Either choice is possible and defensible. The Democrats must decide who they are and what they stand for. Whatever they decide, Democrats need to be serious.

Facing Mecca in the Modern World

Sunday, November 3rd, 2002

In the fifteen century, Galileo Galilei was placed under house arrest by Catholic religious authorities for considering the Copernican proposition that the Earth revolved around the sun rather than the other way around. Galileo was the unfortunate victim of being right at the wrong time.

At that time, the Catholic Church was particularly insecure about its authority in interpreting Scripture. The Protestant Reformation was challenging the Church’s exclusive franchise. The Church was in no mood to broker additional dissent. The punishment of Galileo was really not about cosmology or physics, it was about asserting control on the arbitration of Scripture. Insecurity was at the root of intolerance.

Even today, arguments against evolution by some are, at their root, less disagreements about science and more disputes about worldview and authority. In a tempestuous world of moral relativism, religious belief and ritual can serve as an important ethical anchor. Evolution and a very old universe appear on the surface to be at odds with the Book of Genesis. To some, questioning Biblical authority on what is essentially a scientific and empirical question undermines Biblical authority on moral and ethical strictures.

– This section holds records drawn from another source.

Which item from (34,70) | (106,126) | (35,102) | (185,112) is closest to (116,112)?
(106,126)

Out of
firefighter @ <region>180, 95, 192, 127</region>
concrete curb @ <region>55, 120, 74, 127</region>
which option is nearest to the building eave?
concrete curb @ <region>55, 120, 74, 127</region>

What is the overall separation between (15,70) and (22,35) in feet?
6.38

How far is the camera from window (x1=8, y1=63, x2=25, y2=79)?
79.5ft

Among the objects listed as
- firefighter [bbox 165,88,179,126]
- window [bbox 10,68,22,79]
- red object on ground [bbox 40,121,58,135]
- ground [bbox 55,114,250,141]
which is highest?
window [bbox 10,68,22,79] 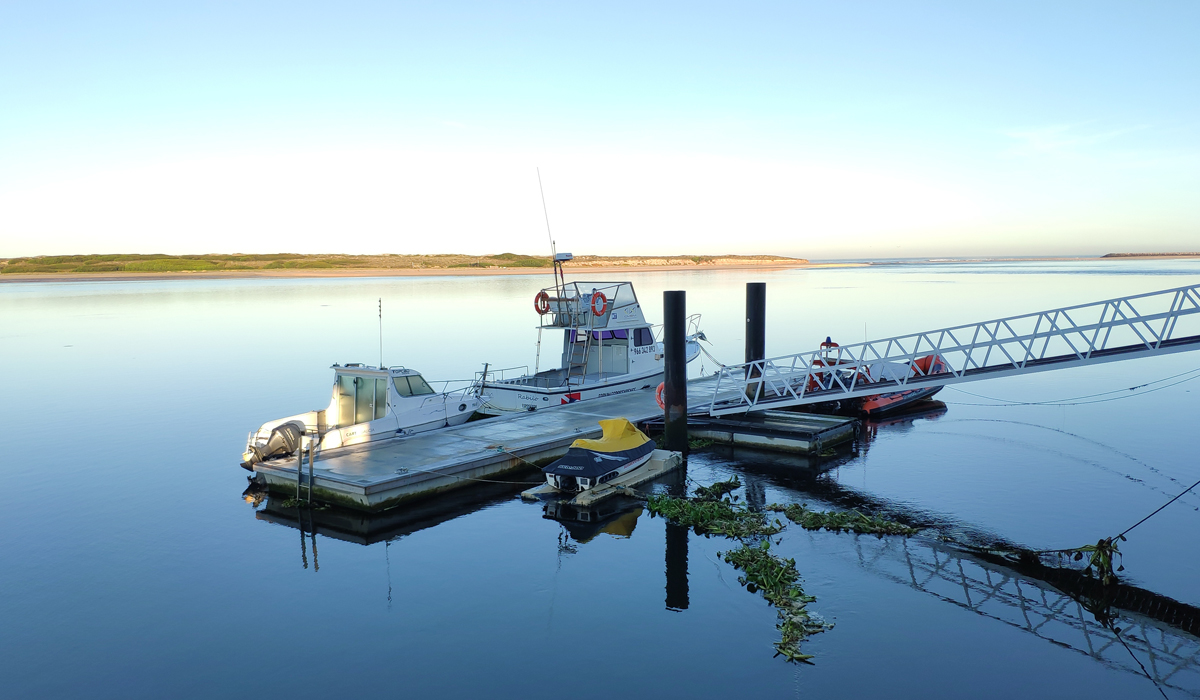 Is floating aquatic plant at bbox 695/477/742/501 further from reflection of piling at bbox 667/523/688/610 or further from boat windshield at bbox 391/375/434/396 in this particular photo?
boat windshield at bbox 391/375/434/396

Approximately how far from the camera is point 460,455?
19.9 m

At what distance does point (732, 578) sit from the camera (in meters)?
13.8

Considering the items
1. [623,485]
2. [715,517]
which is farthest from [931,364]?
[715,517]

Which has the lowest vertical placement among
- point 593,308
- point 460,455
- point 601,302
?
point 460,455

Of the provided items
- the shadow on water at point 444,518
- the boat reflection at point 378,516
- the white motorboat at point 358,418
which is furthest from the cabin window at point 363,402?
the boat reflection at point 378,516

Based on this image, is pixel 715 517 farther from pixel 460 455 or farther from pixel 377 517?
pixel 377 517

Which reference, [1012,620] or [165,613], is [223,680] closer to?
[165,613]

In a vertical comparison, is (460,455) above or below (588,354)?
below

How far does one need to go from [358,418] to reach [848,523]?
13.9 metres

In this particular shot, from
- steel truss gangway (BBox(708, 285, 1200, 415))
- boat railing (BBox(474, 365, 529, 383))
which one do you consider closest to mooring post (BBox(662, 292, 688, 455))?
steel truss gangway (BBox(708, 285, 1200, 415))

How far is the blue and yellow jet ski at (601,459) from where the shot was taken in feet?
60.6

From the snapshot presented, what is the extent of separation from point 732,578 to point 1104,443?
56.3 ft

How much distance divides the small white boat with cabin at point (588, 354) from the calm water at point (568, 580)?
248 inches

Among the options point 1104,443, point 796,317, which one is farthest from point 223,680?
point 796,317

The same disposition seems to be undermining Islam’s collision with modernity. The Great Mosque in Mecca contains the Kaaba, the cube shaped and most sacred Muslim shrine to which adherents must turn to pray. This direction is called the qibla. The classical definition of the qibla is the “direction such that when a human observer faces it, it is as if he is looking at the diameter of the Earth passing through the Kaaba.” Traditionally, the entrances of mosques also face toward Mecca.

In Mecca, as long as the shrine is in sight, facing the Kaaba for prayer is straightforward. As Islam spread from the Arabian Peninsula, the qibla became more difficult to determine. Indeed, this geographic question challenged Islamic mathematicians and cartographers of the Middle Ages and helped give rise to algebra and spherical trigonometry.

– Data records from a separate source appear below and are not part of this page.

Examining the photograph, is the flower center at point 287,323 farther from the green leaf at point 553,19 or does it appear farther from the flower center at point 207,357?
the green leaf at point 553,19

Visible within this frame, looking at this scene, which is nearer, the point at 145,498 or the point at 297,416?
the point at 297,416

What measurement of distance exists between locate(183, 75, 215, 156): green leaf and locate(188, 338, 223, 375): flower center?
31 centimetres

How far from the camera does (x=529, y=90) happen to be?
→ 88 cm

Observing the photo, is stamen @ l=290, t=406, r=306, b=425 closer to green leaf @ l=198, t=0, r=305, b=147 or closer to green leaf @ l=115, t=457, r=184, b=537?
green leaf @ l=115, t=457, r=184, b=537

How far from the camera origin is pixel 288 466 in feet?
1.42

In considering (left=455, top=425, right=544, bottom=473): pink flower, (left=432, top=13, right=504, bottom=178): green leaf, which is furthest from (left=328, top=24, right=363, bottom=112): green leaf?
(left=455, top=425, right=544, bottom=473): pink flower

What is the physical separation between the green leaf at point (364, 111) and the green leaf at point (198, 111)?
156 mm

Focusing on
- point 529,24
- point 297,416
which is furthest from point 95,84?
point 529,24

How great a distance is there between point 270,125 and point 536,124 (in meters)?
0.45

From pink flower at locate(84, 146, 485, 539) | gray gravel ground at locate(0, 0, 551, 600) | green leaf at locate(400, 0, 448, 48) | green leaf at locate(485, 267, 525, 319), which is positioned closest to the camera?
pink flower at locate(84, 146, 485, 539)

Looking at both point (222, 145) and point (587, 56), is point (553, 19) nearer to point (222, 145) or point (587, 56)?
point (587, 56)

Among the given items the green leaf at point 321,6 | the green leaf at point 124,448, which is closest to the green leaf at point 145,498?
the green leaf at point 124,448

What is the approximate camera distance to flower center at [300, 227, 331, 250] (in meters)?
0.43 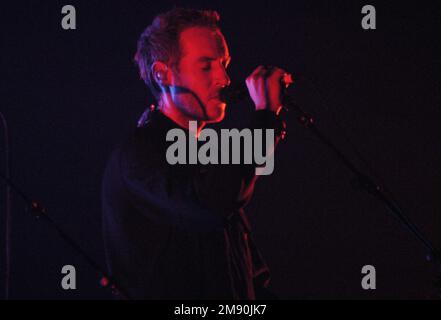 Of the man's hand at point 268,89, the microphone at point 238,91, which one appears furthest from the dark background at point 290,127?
the man's hand at point 268,89

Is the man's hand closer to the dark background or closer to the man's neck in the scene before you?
the man's neck

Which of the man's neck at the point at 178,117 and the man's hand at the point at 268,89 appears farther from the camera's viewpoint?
the man's neck at the point at 178,117

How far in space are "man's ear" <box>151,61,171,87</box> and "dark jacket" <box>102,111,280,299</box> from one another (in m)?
0.17

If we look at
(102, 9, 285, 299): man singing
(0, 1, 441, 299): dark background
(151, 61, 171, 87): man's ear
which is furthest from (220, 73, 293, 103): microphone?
(0, 1, 441, 299): dark background

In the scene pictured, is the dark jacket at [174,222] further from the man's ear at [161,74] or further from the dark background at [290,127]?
the dark background at [290,127]

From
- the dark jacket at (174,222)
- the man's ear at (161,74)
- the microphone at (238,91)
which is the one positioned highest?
the man's ear at (161,74)

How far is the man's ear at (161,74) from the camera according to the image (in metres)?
1.82

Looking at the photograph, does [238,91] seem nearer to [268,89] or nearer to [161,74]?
[268,89]

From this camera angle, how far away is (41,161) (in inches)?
Answer: 104

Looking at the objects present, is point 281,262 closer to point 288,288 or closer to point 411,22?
point 288,288

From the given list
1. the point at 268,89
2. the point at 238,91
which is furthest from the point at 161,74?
the point at 268,89

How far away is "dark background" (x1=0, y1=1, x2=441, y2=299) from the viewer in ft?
8.63

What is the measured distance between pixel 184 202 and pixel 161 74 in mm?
477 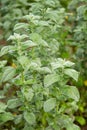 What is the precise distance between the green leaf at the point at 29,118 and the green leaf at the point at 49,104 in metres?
0.19

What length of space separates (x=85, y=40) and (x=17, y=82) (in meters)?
1.42

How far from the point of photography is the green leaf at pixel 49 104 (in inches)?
99.2

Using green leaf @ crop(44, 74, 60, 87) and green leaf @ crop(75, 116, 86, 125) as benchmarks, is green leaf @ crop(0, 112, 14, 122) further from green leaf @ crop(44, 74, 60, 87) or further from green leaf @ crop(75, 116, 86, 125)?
green leaf @ crop(75, 116, 86, 125)

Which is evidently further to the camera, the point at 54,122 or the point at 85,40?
the point at 85,40

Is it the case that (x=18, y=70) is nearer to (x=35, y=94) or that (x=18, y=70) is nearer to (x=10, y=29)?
(x=35, y=94)

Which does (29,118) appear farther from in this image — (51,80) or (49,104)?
(51,80)

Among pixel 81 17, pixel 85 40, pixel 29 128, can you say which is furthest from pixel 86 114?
pixel 29 128

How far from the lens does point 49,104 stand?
254cm

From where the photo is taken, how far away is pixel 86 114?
409cm

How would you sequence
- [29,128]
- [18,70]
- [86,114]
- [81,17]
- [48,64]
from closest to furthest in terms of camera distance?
[18,70] → [29,128] → [48,64] → [81,17] → [86,114]

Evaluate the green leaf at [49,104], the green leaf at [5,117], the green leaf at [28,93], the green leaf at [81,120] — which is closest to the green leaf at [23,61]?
the green leaf at [28,93]

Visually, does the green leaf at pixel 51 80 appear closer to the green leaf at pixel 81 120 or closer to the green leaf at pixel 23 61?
the green leaf at pixel 23 61

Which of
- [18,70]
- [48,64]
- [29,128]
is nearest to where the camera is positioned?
[18,70]

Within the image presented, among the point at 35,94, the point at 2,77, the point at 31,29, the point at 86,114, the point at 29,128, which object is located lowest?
the point at 86,114
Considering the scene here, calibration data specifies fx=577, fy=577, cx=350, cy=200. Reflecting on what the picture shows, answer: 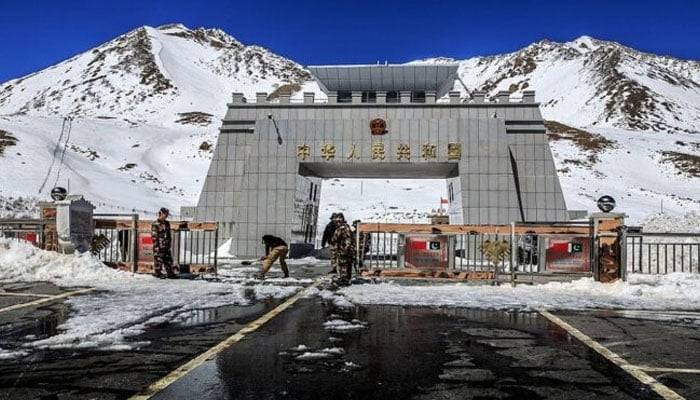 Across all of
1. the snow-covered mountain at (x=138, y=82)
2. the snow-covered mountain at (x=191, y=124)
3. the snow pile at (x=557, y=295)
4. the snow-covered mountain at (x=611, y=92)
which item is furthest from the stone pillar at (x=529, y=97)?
the snow-covered mountain at (x=611, y=92)

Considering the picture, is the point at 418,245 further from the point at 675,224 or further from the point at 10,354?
the point at 675,224

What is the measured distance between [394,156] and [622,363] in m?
17.7

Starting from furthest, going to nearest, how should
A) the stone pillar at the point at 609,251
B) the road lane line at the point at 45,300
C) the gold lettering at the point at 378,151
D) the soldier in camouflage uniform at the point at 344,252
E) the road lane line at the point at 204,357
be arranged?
1. the gold lettering at the point at 378,151
2. the soldier in camouflage uniform at the point at 344,252
3. the stone pillar at the point at 609,251
4. the road lane line at the point at 45,300
5. the road lane line at the point at 204,357

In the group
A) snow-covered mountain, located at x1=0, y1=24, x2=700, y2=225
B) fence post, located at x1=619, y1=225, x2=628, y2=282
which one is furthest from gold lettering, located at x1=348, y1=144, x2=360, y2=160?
fence post, located at x1=619, y1=225, x2=628, y2=282

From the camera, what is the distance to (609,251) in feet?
43.4

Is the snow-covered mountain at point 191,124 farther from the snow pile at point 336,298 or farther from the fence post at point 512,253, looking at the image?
the snow pile at point 336,298

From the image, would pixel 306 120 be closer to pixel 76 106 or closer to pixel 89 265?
pixel 89 265

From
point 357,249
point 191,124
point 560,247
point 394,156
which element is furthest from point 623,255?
point 191,124

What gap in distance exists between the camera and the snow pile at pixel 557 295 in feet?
34.2

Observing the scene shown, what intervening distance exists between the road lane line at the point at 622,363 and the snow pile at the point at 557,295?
6.48ft

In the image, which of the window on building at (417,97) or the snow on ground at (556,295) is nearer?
the snow on ground at (556,295)

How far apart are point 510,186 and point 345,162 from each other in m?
6.68

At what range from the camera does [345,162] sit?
23656 millimetres

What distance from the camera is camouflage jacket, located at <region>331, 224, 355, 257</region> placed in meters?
13.6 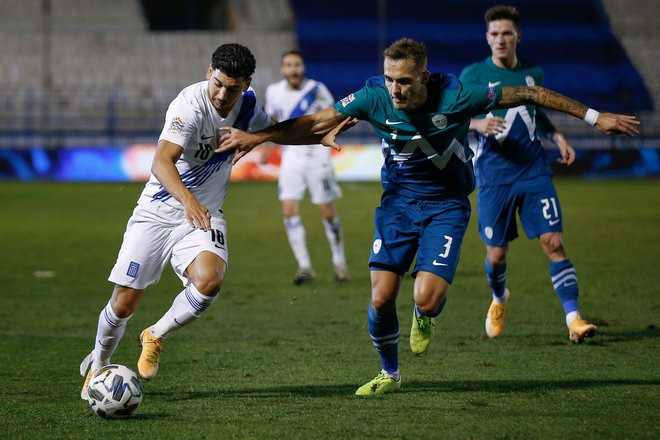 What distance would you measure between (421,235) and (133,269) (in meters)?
1.70

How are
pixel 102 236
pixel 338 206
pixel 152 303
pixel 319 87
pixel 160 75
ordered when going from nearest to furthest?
pixel 152 303, pixel 319 87, pixel 102 236, pixel 338 206, pixel 160 75

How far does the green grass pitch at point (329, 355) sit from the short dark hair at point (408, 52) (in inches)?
74.3

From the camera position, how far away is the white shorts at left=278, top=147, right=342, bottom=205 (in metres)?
12.5

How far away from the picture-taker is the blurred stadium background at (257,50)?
115 feet

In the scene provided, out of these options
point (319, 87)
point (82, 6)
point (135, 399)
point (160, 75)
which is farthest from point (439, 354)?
point (82, 6)

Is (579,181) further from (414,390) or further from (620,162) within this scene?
(414,390)

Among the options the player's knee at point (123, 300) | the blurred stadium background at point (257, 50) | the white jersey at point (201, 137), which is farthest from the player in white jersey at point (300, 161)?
the blurred stadium background at point (257, 50)

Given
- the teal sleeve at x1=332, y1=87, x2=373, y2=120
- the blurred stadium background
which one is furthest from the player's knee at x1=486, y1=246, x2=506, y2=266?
the blurred stadium background

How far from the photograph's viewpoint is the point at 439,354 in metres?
7.66

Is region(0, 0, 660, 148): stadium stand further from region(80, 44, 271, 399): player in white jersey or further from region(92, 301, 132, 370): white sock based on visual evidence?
region(92, 301, 132, 370): white sock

On the surface of the Earth, Muslims have known for the past twelve centuries, the direction to Mecca lies along a great circle route. The computation of this direction in the modern world is now relatively easy. Somewhat counter to an intuition formed by looking at maps with parallel longitude lines, from North America, the qibla points to the northeast.

When the Islamic Center was built on Massachusetts Avenue in Washington, DC in 1953, the Egyptian Ambassador was concerned because the center faced 56 degrees, substantially north of east. A quick check with a cartographer at the National Geographic Society confirmed the correctness of this direction.

However, the notion of using what some mistakenly believe is exclusive Western science is offensive to some modern Muslims. These Muslims refuse to believe the qibla from North America points toward the northeast. In 1993, Riad Nachef and Samir Kadi wrote a book arguing that the qibla from North American lies to the southeast. Nachef and Kadi believe that the notion that the qibla points toward the northeast “divides the word of the Muslims and perverts the Religion.”

There is no need here to argue geography. There is no question as to the qibla from North America. However, it is clear that some portion of Islam feels so threatened by modernity and so insecure in its position that it refuses to accept even geographic computations if they seem somehow tainted by Western influences. Insecurity is again at the root of intolerance.

The real irony is that conventional notions of direction that lead Nachef and Kadi to believe that the qibla from North America lies to the southeast is based on a particular map projection by the Flemish cartographer Gerhardus Mercator. Medieval Islamic mathematicians knew better.


Abdali, S. Kamal, The Correct Qilba, 1997.